What needs to be done:
Go through the listing below and say how many lines include "Ford". Give the number by itself.

Available data:
-- -- --

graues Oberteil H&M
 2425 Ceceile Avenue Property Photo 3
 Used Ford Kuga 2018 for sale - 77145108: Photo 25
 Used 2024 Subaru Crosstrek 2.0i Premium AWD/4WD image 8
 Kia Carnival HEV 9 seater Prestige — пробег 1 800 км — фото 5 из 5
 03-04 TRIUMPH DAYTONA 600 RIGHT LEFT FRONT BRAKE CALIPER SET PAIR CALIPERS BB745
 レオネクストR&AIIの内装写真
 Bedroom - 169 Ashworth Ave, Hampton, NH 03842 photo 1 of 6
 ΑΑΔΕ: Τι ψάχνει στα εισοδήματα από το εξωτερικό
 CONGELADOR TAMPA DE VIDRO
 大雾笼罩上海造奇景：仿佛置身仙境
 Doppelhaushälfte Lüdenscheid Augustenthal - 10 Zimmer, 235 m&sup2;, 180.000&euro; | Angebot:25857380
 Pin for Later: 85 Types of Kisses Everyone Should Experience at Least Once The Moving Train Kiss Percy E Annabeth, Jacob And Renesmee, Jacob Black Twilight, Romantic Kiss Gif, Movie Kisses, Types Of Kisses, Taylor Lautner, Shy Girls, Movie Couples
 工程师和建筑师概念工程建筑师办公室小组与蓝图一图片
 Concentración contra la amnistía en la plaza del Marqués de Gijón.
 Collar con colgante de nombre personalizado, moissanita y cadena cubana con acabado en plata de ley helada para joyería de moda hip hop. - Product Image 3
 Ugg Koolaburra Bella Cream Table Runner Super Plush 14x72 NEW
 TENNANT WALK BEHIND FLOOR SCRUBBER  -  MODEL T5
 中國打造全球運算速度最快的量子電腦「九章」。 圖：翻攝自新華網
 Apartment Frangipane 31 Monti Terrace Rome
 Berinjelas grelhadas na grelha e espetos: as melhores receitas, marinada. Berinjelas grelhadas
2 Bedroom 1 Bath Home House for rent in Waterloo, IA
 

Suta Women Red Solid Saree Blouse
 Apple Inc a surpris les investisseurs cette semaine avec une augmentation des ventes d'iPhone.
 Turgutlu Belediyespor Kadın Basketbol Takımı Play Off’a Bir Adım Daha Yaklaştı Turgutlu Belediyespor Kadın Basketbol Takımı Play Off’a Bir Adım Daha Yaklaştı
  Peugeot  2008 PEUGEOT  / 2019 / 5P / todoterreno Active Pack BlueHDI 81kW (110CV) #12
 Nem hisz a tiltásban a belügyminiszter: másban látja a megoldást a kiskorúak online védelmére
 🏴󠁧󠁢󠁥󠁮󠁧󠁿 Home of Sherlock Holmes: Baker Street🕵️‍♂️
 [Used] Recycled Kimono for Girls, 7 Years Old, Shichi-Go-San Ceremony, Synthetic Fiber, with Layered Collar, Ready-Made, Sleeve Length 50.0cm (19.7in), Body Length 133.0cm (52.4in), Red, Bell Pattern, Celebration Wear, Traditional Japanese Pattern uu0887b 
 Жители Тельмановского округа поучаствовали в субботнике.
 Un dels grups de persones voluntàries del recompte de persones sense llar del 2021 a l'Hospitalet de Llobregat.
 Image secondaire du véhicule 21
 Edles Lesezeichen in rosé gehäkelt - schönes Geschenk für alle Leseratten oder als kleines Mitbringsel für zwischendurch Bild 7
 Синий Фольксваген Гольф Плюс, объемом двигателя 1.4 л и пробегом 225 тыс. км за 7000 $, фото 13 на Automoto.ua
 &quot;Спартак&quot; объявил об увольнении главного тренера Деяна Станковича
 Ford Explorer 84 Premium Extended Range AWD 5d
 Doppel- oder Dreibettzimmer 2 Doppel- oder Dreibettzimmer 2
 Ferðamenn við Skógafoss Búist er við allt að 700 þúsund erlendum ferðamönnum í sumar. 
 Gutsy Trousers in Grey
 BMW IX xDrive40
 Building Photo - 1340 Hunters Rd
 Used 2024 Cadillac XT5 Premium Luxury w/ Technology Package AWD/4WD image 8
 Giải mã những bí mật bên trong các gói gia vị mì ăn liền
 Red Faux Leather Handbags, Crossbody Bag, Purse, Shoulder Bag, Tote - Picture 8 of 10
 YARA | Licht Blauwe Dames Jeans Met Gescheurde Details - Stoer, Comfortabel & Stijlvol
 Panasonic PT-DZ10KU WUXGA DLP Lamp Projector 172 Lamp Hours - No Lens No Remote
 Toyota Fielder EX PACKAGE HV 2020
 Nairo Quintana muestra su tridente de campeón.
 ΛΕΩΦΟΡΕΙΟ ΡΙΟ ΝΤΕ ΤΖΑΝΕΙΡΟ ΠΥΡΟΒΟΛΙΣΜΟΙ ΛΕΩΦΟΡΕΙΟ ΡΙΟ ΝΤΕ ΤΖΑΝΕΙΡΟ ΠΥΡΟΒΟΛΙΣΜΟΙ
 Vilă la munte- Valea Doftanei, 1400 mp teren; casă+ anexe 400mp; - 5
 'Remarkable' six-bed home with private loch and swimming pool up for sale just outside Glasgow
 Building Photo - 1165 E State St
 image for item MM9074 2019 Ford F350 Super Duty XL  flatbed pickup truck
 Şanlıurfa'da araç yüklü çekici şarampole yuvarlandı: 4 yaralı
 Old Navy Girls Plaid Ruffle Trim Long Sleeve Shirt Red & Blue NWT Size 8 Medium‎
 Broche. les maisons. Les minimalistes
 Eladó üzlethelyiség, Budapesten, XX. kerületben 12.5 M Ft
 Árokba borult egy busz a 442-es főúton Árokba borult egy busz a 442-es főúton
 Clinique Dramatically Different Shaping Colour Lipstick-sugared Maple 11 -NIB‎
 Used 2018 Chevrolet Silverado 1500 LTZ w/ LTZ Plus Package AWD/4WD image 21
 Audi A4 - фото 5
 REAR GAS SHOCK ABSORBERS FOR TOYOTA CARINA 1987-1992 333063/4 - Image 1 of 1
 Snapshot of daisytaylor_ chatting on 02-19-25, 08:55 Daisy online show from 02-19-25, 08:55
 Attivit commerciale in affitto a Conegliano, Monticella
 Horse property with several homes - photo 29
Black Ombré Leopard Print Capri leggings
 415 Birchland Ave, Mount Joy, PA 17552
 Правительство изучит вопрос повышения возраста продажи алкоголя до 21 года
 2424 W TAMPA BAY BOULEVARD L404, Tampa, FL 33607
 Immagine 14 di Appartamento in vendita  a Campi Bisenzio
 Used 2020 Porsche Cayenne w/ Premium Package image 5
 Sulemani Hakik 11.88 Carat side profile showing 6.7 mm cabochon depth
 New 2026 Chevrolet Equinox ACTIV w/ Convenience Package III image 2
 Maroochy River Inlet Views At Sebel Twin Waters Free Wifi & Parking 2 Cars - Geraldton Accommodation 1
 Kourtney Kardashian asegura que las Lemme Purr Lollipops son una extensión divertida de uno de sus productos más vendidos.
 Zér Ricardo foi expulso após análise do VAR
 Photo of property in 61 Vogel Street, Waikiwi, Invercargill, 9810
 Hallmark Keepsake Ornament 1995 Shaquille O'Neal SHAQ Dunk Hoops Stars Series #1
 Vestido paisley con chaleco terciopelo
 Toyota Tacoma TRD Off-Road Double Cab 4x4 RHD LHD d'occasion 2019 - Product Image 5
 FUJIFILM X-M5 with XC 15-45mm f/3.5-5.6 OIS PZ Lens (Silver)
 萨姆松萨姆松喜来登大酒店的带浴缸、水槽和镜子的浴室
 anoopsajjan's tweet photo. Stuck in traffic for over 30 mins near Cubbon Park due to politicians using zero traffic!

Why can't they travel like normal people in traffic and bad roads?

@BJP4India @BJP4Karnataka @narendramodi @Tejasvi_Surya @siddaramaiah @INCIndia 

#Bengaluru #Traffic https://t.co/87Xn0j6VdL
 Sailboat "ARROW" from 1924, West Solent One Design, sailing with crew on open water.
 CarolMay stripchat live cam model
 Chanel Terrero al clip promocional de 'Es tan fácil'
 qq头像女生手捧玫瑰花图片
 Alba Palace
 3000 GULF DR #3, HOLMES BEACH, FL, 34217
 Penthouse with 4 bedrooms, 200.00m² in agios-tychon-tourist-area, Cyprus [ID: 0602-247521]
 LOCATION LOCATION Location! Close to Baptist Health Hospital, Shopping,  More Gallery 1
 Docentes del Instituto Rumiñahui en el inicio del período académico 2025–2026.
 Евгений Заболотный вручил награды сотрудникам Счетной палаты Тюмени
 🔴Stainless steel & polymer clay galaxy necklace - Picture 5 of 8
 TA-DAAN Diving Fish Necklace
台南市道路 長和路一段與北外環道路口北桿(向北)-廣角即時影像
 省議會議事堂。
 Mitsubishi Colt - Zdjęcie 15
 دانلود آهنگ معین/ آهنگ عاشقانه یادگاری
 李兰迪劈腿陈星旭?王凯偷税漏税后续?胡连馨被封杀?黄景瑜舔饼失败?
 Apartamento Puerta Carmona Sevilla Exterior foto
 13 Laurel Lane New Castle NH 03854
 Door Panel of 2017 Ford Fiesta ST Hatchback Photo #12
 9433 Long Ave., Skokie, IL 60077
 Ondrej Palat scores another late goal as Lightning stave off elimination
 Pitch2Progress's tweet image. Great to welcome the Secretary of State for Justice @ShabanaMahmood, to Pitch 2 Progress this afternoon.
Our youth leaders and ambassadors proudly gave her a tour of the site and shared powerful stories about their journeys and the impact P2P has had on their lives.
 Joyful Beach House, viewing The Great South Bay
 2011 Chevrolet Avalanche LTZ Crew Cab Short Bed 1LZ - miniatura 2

-- -- --

Answer:
4